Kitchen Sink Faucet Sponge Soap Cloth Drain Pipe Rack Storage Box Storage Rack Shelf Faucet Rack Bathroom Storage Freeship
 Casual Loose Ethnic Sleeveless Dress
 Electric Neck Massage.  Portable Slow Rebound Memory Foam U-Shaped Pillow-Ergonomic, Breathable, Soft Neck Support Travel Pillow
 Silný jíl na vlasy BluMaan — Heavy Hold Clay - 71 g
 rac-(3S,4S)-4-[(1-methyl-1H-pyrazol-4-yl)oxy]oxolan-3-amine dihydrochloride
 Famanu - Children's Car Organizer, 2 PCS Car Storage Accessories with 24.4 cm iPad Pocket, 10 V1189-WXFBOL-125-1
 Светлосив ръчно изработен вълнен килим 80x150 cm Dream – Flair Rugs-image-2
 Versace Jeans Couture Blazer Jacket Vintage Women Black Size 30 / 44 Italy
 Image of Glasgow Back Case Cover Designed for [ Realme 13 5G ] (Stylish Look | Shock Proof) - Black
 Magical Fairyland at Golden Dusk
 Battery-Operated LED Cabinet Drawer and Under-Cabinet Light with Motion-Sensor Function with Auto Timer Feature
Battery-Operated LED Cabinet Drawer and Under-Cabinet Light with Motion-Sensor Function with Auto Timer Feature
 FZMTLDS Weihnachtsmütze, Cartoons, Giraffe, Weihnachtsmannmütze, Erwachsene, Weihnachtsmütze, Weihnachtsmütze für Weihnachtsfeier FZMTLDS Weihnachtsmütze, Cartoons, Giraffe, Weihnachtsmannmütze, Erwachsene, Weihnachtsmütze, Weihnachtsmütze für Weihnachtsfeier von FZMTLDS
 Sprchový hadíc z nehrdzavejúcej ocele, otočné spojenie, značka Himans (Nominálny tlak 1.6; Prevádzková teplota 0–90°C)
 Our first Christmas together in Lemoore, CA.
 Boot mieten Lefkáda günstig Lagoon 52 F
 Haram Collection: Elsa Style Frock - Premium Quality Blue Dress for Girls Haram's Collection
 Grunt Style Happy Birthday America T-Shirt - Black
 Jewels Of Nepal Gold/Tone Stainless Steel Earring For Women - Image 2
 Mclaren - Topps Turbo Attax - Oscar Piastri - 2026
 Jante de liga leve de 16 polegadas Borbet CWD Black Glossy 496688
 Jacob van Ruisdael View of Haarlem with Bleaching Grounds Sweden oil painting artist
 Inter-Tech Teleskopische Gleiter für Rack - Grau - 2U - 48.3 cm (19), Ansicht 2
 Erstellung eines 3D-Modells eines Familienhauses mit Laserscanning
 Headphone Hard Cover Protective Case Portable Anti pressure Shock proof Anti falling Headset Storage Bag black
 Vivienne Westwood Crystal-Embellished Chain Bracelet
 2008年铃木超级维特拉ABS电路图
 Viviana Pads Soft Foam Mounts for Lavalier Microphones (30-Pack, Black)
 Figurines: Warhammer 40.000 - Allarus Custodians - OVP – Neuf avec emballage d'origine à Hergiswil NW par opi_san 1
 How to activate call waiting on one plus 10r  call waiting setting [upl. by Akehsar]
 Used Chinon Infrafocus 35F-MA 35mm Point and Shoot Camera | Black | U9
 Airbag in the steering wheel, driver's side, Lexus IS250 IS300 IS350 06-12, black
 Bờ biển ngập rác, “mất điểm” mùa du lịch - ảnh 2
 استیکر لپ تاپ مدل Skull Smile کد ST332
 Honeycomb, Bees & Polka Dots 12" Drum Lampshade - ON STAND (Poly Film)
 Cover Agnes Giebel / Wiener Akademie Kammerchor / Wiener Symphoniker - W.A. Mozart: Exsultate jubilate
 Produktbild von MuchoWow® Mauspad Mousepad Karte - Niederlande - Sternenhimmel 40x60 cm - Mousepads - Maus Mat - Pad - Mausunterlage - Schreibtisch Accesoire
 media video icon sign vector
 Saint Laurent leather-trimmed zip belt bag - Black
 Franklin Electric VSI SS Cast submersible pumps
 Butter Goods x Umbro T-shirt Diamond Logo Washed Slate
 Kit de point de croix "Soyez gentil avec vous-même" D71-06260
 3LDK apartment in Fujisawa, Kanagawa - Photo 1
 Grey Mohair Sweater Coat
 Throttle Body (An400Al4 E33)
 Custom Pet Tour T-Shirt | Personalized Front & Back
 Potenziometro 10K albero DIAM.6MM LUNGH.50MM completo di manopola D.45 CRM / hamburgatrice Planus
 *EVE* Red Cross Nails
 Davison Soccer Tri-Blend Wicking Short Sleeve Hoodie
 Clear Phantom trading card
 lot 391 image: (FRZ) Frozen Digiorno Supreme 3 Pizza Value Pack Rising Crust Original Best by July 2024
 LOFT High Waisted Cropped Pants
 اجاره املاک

□ □ □ □ □ □ □

• Exercise:
Since only part of the listing is wanted, copy exactly the lines from the one holding "Butter Goods x" to the one holding "Red Cross Nails", both included.

• Written solution:
 Butter Goods x Umbro T-shirt Diamond Logo Washed Slate
 Kit de point de croix "Soyez gentil avec vous-même" D71-06260
 3LDK apartment in Fujisawa, Kanagawa - Photo 1
 Grey Mohair Sweater Coat
 Throttle Body (An400Al4 E33)
 Custom Pet Tour T-Shirt | Personalized Front & Back
 Potenziometro 10K albero DIAM.6MM LUNGH.50MM completo di manopola D.45 CRM / hamburgatrice Planus
 *EVE* Red Cross Nails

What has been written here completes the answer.